The net effect of a projective measurement on a pure quantum system is a nonlinear mapping from an initial state $|\psi\rangle$ to a final state $|\psi'\rangle$. The nonlinearity arises from the fact that the final state must be normalized.

Nevertheless, what is important is that the final state is also a pure state of unit norm, and there always exists a reversible unitary mapping connecting the two. Hence, it is possible to simply apply the reverse unitary on the state after the measurement to get back the original state.

Here is an example. Suppose we start with the state $\frac{1}{\sqrt{2}}(|0\rangle+|1\rangle)$ and measure in the computational basis $\{|0\rangle,|1\rangle\}$. After the measurement, the state will be described either by $|0\rangle$ or $|1\rangle$ with equal probability. For the sake of argument let's assume it is $|0\rangle$.
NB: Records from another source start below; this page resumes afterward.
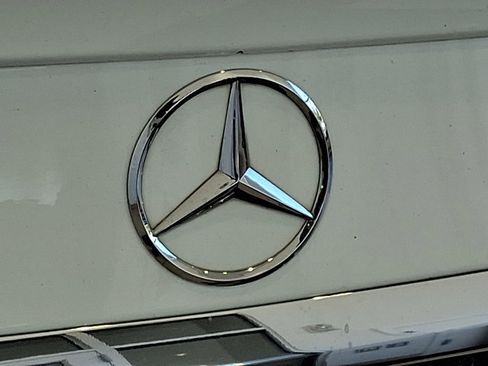 Used 2018 Mercedes-Benz C 300 4MATIC Sedan image 37
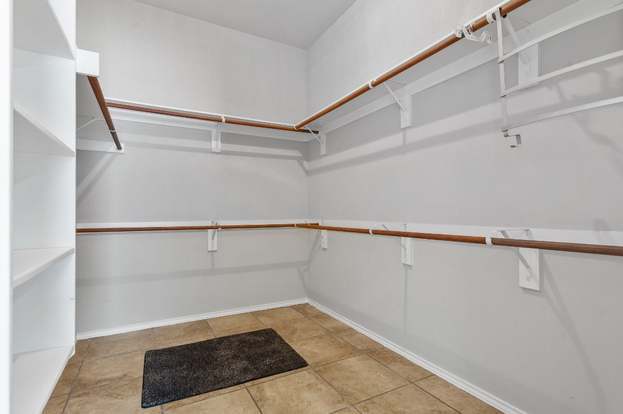 Building Photo - 20725 Mead Bend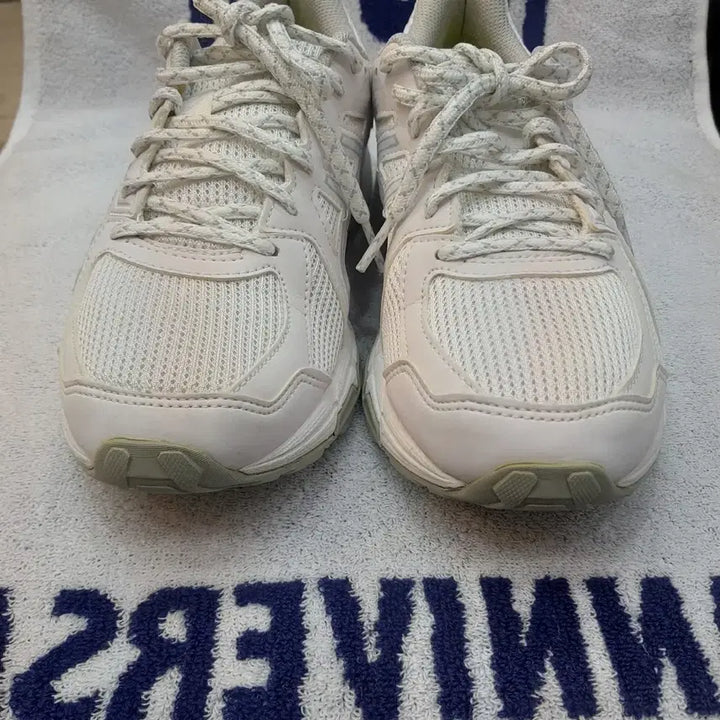 [BUNJANG] Asics White Sneakers 250mm / 아식스 흰색 운동화 250mm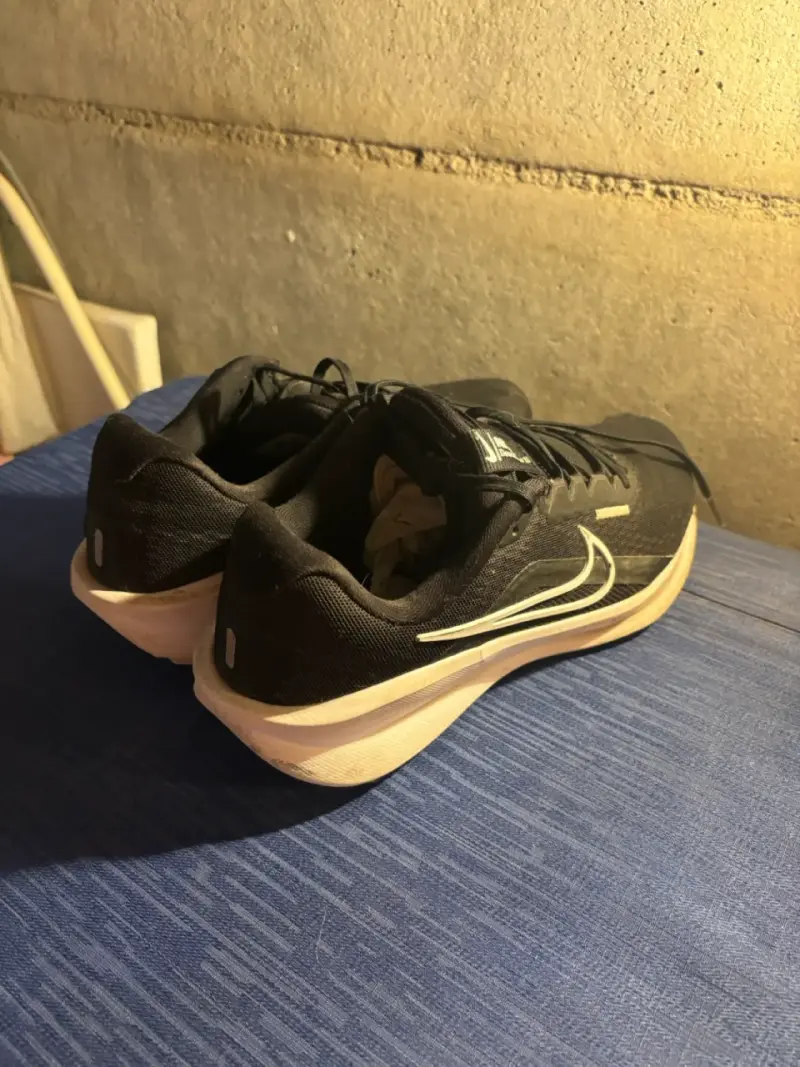 Zapatillas negras Nike,skeachers y fila deportivas - 2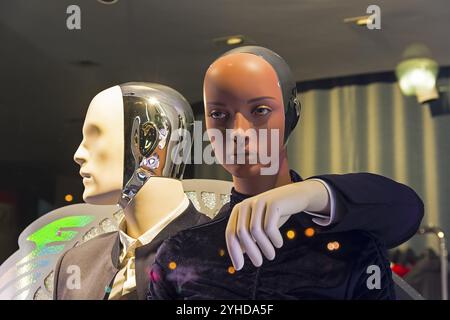 Paris, France, 20 décembre 2018 : vitrine d'un magasin de vêtements coûteux. Mannequins futuristes (cyborgs) dans un vêtement à la mode et cher Banque D'Images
Then all we need to retrieve our original state is to apply a Hadamard transform

$H=\left(\begin{array}{cc} \frac{1}{\sqrt{2}} & \frac{1}{\sqrt{2}} \\\\ \frac{1}{\sqrt{2}} & -\frac{1}{\sqrt{2}} \end{array}\right)$

to retrieve the initial state. This follows from the relation

$H |0\rangle=\frac{1}{\sqrt{2}}(|0\rangle+|1\rangle)$. Note that something like this can be routinely implemented in the lab.

In the case of mixed states and general measurements the situation is a bit more complicated, but by introducing an auxiliary system one could also perform a mapping between the state after a measurement and before it.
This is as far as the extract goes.